■ What to do:
Set down exactly the lines below, starting at the one that contains "Shirtracer Ich Bin" and ending at the one that contains "the current reverses", with both of those lines included and nothing else.
### Available data
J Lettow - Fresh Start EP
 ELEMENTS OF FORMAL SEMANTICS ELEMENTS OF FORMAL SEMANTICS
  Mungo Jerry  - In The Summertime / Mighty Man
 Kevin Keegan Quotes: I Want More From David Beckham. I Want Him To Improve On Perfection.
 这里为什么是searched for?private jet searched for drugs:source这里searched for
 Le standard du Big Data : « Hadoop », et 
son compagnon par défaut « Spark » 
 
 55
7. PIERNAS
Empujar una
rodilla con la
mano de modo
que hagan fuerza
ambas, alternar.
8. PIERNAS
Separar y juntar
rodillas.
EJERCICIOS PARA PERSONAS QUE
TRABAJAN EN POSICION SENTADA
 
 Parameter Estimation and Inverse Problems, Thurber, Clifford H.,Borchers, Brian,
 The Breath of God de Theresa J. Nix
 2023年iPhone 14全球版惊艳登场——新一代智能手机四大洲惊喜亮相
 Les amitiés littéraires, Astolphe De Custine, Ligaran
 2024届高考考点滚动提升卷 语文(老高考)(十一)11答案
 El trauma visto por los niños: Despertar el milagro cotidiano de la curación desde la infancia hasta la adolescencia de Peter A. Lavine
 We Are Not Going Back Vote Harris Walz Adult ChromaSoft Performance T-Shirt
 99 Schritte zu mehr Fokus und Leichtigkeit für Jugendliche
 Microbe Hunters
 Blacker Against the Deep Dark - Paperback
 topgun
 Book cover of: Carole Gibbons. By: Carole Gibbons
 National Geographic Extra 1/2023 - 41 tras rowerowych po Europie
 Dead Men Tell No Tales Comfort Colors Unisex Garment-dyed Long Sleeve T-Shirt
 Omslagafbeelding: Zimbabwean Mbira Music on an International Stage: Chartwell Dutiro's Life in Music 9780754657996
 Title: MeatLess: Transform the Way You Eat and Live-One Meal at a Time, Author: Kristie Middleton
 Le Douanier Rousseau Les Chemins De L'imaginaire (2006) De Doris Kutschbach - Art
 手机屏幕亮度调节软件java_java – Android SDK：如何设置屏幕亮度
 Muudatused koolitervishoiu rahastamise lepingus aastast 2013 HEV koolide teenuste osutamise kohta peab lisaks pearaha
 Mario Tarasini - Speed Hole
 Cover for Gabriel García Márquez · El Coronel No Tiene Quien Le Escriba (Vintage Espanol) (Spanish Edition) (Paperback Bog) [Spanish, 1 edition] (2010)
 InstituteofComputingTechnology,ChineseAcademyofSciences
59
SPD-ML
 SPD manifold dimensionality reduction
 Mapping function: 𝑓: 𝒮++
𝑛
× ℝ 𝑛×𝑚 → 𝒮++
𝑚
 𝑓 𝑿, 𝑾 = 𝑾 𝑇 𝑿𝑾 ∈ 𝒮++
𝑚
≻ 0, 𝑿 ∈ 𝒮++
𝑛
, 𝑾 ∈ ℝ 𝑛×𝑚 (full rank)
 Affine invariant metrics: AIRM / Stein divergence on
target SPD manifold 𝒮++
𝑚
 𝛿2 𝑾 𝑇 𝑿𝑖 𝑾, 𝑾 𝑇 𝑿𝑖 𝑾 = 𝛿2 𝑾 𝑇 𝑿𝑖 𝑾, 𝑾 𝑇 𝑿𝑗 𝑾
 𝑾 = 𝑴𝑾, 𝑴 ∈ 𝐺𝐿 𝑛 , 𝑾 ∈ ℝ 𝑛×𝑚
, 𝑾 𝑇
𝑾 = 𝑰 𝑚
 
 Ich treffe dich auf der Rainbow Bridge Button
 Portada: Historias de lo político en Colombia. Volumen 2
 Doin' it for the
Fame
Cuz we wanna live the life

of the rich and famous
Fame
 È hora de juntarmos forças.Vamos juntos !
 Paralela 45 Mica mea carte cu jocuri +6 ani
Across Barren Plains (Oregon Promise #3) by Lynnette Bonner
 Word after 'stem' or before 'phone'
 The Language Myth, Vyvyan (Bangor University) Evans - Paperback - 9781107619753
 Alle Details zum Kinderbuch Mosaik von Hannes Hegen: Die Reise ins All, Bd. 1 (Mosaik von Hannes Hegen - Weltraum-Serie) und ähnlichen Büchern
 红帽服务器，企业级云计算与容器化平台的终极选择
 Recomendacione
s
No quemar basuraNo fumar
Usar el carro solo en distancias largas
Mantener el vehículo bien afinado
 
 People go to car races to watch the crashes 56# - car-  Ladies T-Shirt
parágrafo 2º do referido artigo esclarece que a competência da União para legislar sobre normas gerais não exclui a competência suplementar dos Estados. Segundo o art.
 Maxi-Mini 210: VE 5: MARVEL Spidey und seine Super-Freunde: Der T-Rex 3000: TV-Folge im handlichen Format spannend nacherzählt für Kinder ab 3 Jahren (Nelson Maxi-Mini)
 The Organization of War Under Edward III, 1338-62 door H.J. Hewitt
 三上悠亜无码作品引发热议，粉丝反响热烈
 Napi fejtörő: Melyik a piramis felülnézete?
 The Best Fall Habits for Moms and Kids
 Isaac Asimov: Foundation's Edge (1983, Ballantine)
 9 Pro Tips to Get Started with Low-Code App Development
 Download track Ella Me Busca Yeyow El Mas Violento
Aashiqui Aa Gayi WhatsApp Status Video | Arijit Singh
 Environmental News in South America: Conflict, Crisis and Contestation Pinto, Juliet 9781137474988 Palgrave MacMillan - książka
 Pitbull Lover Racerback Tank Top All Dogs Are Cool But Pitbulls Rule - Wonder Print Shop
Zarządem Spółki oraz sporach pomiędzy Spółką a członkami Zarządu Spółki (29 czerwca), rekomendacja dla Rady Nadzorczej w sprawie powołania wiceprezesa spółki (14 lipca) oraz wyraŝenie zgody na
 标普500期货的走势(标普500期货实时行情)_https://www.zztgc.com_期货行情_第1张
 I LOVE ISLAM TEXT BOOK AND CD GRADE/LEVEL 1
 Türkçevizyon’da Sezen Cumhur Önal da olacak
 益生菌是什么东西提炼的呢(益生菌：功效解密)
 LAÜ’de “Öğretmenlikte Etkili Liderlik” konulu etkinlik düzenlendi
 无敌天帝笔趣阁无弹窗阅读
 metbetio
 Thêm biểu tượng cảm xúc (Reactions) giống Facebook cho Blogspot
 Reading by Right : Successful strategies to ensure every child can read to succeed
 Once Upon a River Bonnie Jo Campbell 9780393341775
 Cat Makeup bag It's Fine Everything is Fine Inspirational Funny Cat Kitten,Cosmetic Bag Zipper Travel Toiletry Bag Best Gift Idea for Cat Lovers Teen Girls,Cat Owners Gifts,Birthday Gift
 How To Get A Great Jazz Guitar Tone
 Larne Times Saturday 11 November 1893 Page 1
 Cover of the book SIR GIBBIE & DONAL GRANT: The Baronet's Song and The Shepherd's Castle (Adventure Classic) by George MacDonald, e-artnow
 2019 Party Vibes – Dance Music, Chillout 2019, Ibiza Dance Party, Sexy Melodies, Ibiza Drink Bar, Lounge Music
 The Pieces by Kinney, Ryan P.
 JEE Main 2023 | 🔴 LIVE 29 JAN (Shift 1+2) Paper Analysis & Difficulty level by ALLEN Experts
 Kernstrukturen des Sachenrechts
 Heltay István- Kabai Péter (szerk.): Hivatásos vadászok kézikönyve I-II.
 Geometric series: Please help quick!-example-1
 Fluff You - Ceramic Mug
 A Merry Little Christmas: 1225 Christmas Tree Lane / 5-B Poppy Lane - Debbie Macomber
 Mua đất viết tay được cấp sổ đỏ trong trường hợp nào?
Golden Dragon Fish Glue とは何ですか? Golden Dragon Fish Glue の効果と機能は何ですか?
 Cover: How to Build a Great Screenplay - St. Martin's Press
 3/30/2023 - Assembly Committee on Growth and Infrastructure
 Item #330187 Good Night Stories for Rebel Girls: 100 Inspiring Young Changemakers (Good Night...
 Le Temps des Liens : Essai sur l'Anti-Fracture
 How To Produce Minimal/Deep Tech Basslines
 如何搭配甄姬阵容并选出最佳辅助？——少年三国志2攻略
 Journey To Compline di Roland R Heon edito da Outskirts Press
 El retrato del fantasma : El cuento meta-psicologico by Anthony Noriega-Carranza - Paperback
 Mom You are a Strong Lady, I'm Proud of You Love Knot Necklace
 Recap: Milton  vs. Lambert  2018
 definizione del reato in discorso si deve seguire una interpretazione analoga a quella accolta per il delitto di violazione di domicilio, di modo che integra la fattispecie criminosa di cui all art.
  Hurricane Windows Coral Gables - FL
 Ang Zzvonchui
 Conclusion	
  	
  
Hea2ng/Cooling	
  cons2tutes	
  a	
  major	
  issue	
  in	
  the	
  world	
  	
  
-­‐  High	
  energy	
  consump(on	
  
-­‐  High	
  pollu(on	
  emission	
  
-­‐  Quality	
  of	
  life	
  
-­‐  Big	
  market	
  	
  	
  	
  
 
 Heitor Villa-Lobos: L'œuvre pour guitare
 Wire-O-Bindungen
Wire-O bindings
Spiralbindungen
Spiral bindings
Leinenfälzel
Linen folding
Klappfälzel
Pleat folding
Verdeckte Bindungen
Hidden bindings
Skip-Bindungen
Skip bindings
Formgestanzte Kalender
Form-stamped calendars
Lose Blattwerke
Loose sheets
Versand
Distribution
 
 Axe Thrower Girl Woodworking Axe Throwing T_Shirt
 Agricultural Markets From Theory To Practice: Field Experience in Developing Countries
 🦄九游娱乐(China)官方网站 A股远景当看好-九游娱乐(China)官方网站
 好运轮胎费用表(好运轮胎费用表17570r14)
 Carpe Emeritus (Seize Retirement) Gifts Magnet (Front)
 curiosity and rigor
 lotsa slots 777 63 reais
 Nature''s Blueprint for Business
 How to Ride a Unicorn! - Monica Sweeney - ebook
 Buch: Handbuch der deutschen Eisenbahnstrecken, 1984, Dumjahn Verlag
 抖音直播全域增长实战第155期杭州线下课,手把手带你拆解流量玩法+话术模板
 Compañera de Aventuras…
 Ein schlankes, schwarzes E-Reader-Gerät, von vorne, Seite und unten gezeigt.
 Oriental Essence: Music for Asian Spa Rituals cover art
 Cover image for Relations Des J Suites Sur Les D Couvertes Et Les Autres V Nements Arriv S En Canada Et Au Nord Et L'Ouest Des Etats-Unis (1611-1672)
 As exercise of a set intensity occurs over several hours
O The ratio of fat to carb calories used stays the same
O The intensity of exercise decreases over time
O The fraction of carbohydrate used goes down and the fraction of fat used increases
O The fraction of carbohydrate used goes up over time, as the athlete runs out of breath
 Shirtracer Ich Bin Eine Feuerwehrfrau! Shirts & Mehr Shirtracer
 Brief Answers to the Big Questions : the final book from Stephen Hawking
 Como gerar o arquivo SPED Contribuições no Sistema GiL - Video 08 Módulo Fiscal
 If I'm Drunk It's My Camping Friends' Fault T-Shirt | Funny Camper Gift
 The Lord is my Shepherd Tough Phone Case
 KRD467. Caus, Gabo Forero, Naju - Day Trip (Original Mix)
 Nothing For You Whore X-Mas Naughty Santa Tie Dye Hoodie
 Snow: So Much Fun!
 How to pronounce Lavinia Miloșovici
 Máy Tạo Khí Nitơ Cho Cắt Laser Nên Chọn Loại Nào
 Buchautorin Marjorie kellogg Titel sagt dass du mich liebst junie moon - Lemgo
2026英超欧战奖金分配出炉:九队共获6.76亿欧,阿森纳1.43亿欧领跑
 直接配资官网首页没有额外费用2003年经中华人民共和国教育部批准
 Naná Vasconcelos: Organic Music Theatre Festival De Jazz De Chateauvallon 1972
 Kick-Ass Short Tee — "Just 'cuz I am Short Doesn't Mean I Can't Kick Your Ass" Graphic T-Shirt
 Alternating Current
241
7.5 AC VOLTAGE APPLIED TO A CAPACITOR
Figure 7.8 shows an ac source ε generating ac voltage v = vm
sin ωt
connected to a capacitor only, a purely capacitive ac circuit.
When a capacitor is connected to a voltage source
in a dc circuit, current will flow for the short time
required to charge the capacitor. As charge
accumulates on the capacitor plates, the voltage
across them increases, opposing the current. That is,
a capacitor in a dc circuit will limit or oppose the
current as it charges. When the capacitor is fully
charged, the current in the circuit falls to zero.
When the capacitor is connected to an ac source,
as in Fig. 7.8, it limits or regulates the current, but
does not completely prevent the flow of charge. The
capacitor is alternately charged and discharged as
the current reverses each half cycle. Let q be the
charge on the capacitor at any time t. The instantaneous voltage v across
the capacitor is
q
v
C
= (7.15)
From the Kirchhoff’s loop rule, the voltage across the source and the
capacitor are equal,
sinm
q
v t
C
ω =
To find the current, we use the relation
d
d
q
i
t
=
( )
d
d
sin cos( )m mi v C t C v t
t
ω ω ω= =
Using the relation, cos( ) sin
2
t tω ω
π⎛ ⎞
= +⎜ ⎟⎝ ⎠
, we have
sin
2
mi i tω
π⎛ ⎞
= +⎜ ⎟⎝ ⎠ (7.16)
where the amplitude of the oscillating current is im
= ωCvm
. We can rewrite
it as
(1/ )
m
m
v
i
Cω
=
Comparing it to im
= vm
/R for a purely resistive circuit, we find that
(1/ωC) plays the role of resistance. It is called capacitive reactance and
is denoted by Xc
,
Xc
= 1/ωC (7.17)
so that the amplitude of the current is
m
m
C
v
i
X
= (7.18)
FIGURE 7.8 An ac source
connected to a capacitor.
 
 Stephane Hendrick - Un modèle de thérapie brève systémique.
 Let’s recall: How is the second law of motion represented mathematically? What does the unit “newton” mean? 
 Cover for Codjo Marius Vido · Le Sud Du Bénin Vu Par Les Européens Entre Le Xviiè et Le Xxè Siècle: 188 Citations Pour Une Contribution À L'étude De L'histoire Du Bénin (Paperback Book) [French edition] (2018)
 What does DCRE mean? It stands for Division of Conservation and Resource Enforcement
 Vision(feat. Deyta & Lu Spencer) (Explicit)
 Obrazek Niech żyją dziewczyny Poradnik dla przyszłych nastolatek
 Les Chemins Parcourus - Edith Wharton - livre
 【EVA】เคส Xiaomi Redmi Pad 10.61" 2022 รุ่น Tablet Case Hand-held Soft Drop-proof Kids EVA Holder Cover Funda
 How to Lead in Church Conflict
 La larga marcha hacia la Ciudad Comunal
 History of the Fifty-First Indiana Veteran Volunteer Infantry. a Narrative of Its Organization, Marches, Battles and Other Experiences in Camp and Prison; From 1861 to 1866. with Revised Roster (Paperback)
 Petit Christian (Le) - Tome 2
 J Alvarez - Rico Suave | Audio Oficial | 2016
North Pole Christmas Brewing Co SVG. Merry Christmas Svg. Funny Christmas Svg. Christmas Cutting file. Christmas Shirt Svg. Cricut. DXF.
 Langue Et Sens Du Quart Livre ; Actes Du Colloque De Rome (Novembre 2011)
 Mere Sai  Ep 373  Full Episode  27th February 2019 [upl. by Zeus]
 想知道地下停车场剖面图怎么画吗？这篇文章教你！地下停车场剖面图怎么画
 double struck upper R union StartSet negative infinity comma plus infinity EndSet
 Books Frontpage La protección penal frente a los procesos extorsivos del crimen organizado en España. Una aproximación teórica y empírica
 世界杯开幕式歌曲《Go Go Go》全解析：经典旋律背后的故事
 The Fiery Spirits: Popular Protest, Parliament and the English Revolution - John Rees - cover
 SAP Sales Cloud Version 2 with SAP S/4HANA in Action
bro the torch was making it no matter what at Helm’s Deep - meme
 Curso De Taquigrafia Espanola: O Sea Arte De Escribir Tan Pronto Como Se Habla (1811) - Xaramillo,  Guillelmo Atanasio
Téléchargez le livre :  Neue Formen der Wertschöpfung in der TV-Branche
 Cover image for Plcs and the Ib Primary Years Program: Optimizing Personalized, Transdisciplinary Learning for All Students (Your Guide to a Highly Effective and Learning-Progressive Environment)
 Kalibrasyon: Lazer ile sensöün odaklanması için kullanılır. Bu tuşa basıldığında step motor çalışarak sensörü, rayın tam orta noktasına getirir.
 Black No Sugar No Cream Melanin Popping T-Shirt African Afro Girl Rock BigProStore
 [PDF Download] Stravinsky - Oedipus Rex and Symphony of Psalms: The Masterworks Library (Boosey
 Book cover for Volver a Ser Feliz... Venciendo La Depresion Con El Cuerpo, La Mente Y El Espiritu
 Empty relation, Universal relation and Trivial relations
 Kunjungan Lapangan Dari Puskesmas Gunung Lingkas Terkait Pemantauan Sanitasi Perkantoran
######
■ Expected answer:
 Shirtracer Ich Bin Eine Feuerwehrfrau! Shirts & Mehr Shirtracer
 Brief Answers to the Big Questions : the final book from Stephen Hawking
 Como gerar o arquivo SPED Contribuições no Sistema GiL - Video 08 Módulo Fiscal
 If I'm Drunk It's My Camping Friends' Fault T-Shirt | Funny Camper Gift
 The Lord is my Shepherd Tough Phone Case
 KRD467. Caus, Gabo Forero, Naju - Day Trip (Original Mix)
 Nothing For You Whore X-Mas Naughty Santa Tie Dye Hoodie
 Snow: So Much Fun!
 How to pronounce Lavinia Miloșovici
 Máy Tạo Khí Nitơ Cho Cắt Laser Nên Chọn Loại Nào
 Buchautorin Marjorie kellogg Titel sagt dass du mich liebst junie moon - Lemgo
2026英超欧战奖金分配出炉:九队共获6.76亿欧,阿森纳1.43亿欧领跑
 直接配资官网首页没有额外费用2003年经中华人民共和国教育部批准
 Naná Vasconcelos: Organic Music Theatre Festival De Jazz De Chateauvallon 1972
 Kick-Ass Short Tee — "Just 'cuz I am Short Doesn't Mean I Can't Kick Your Ass" Graphic T-Shirt
 Alternating Current
241
7.5 AC VOLTAGE APPLIED TO A CAPACITOR
Figure 7.8 shows an ac source ε generating ac voltage v = vm
sin ωt
connected to a capacitor only, a purely capacitive ac circuit.
When a capacitor is connected to a voltage source
in a dc circuit, current will flow for the short time
required to charge the capacitor. As charge
accumulates on the capacitor plates, the voltage
across them increases, opposing the current. That is,
a capacitor in a dc circuit will limit or oppose the
current as it charges. When the capacitor is fully
charged, the current in the circuit falls to zero.
When the capacitor is connected to an ac source,
as in Fig. 7.8, it limits or regulates the current, but
does not completely prevent the flow of charge. The
capacitor is alternately charged and discharged as
the current reverses each half cycle. Let q be the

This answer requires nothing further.